|Address||865 Market Street|
San Francisco, California
|Opening date||October 1988|
|Developer||Sheldon Gordon - Gordon Group Holdings|
Brookfield Asset Management
|No. of stores and services||180+|
|No. of anchor tenants||2|
|Total retail floor area||1,564,533 sq ft (145,349.9 m2) (retail)|
250,000 sq ft (23,000 m2) (office)
|No. of floors||9 (5 in Nordstrom, 6 in Bloomingdale's)|
|Public transit access||Powell Street station|
The Westfield San Francisco Centre is a shopping mall located in San Francisco, California, United States, managed and co-owned by Unibail-Rodamco-Westfield and co-owned by Brookfield Asset Management. It is anchored by Bloomingdale's, and includes a Century Theatres multiplex and the Downtown Campus of San Francisco State University. It connects directly to the Powell Street station via an underground entrance on the concourse floor.
Originally developed by Sheldon Gordon (co-developer of The Forum Shops at Caesars and Beverly Center) the center opened in October 1988 as San Francisco Shopping Centre with approximately 500,000 square feet (46,000 m2) of space, the then-largest Nordstrom store (350,000 square feet) on the top several floors, the first spiral escalator in the United States, and connecting through to the adjoining Emporium-Capwell flagship store.
After a slow start, it soon became one of the top performing shopping centers in the country. In 1996, the adjoining Emporium (it had dropped the Capwell name by then) was shuttered in the wake of Federated Department Stores' buyout of its parent, Broadway Stores. The vacated store was temporarily used as a Macy's furniture store while it renovated its Union Square flagship in 1997.

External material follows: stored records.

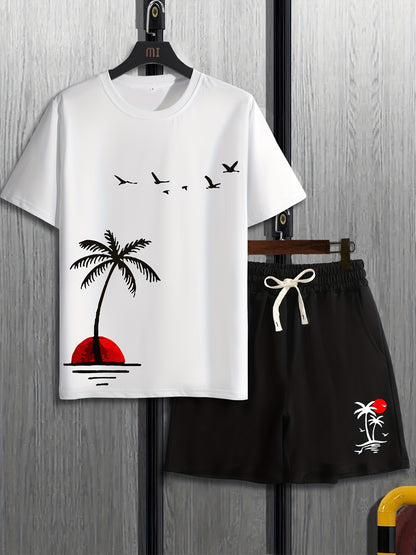 Mens 2Pcs Coconut Tree Print Outfit - Lightweight & Comfortable Casual T-Shirt & Drawstring Shorts Set - Perfect Summer Style with Quick-Dry Technology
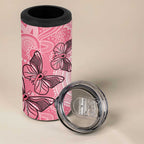Personalized Pink Butterfly Spirit 4 in 1 Can Cooler Tumbler Australia’s Breast Cancer Awareness - Aussie Hoodie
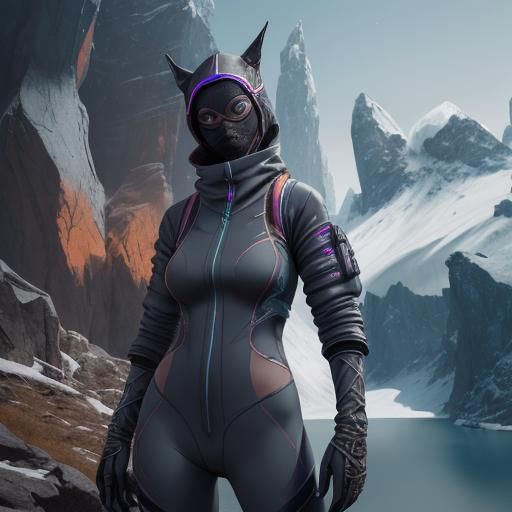 Futuristic High Fashion Ski Mask with Hologram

In May 1997, Urban Shopping Centers, Inc., a Real estate investment trust acquired a half-interest and management of the center. This was followed by Urban's own buyout by Rodamco North America N.V. (a European property firm primarily invested in the United States) in October 2000 and Rodamco's subsequent sale to a consortium including the Westfield Group in January 2002. Westfield acquired its initial 50% stake in the center at this time and soon bought the rest.
In 2003, Forest City, which had acquired redevelopment rights to the long-vacant Emporium store from Federated, reached an agreement with Westfield to jointly redevelop the two properties. Unveiled on September 28, 2006, the newly expanded mixed-use Westfield San Francisco Centre (designed by the Kohn Pedersen Fox architectural firm, with Kevin Kennon as the Design Principal) includes Bloomingdale's West Coast flagship store, a nine-screen Century Theatres multiplex theater featuring 2 XD screens, a 30,000 square feet Bristol Farms gourmet supermarket (closed January 2017), and the Downtown Campus for San Francisco State University in its 1.5 million+ ft² of space.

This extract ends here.